Plunge-cut circular saws are a central tool in most modern woodshops. These saws, often also called track saws, owe their accuracy and ease of use to guide rails or tracks. Although the tracks are usually specific to the saw brand, two of the leading manufacturers, Festool and Makita, carry very similar-looking models. If you are considering which guide rail system to buy into, or are simply about to add a new rail to your arsenal, you may be asking what is the difference between Festool and Makita rails, and are they compatible?
In this article, we are going to compare Festool and Makita rails side-by-side, and answer this question in detail. First, in summary: Festool and Makita guide rails are not exactly the same, but similar enough to be mostly compatible, so you can use a Makita track with a Festool saw, and vice versa, without major issues. The rails differ in execution of many of the track details, which may affect performance and usability.
Compatibility of the rails means that you cannot go totally wrong with either brand, but also that you do have options to consider. After buying and working with both Festool and Makita rails, I can give you an account of the differences, and hopefully help you decide which rail to get.
|+ dimensional accuracy|
+ better polymer strips
+ more versions, accessories
– incompatible anti-tipping features
+ almost equal to Festool
– incompatible anti-tipping features
What is similar?
Before diving into the differences, let’s summarize what Festool and Makita rails share:
Overall, Festool and Makita guide rails are very similar in construction and function. Both are aluminium, come in similar lengths and have almost identical cross sections. They also have quite similar functional plastic/polymer additions.
The similar construction makes the rails nearly equivalent in functionality. They both guide the saw, stick to the surface, and allow aiming the cut the same way. In my opinion, the rails offer a user experience that is practically the same.
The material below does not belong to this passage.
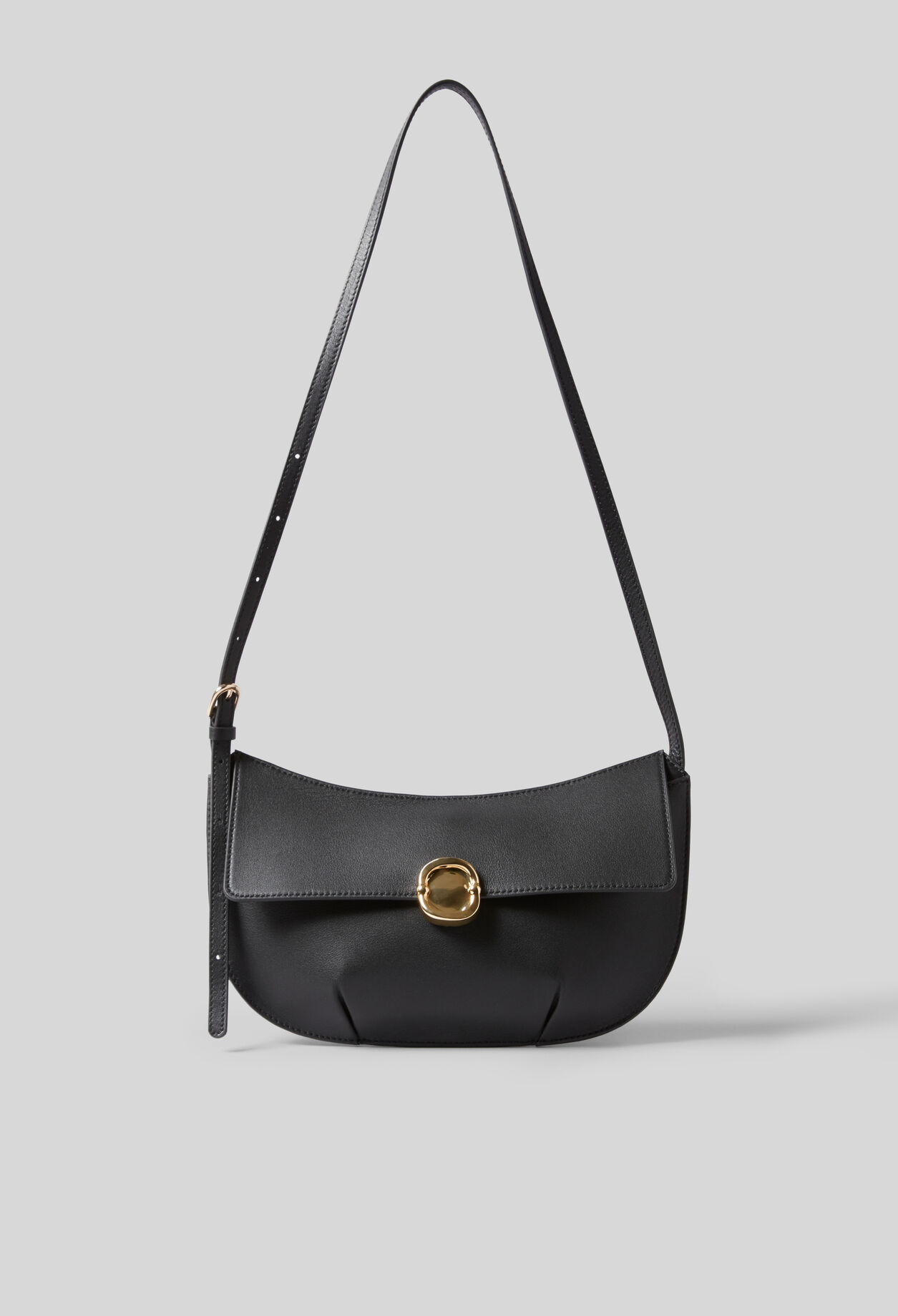 Leather bag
Festool and Makita tracks are similar enough that they are mutually compatible in almost all respects. That means that you can use a Makita track with a Festool saw, and vice versa, and get most of the same functionality.
What is different?
While the overall construction and functionality are the same, there are many significant differences between Festool and Makita guide rails on the detail level. Because of these differences, the user experience is not exactly the same, and the cross-compatibility is not 100%.
Let us go through the differences between Festool and Makita guide rails one by one:
Difference 1: Guide ridge width
In both the Festool and the Makita rail system, the lateral guiding of the track saw is taken care of by a square guide ridge on the left-hand side of the track top face. This guide ridge, indicated in the figure above, mates with a slot in the saw base, and allows motion only along the rail length.
Makita and Festool rails differ here in that Makita’s guide ridge is slightly narrower than Festool’s – by about .01″ (0.3 mm) to be exact. Both work just as well, but the tiny width difference forces you to readjust the saw fit when swapping a rail of one brand for one of the other.
Saw refitting is quickly done using the adjustment knobs found on both Makita and Festool track saws. It does still take some 15–20 seconds, and becomes a nuisance when jumping between Festool and Makita tracks. If you want to avoid this, you might want to choose either Festool or Makita rails, and stick with the brand.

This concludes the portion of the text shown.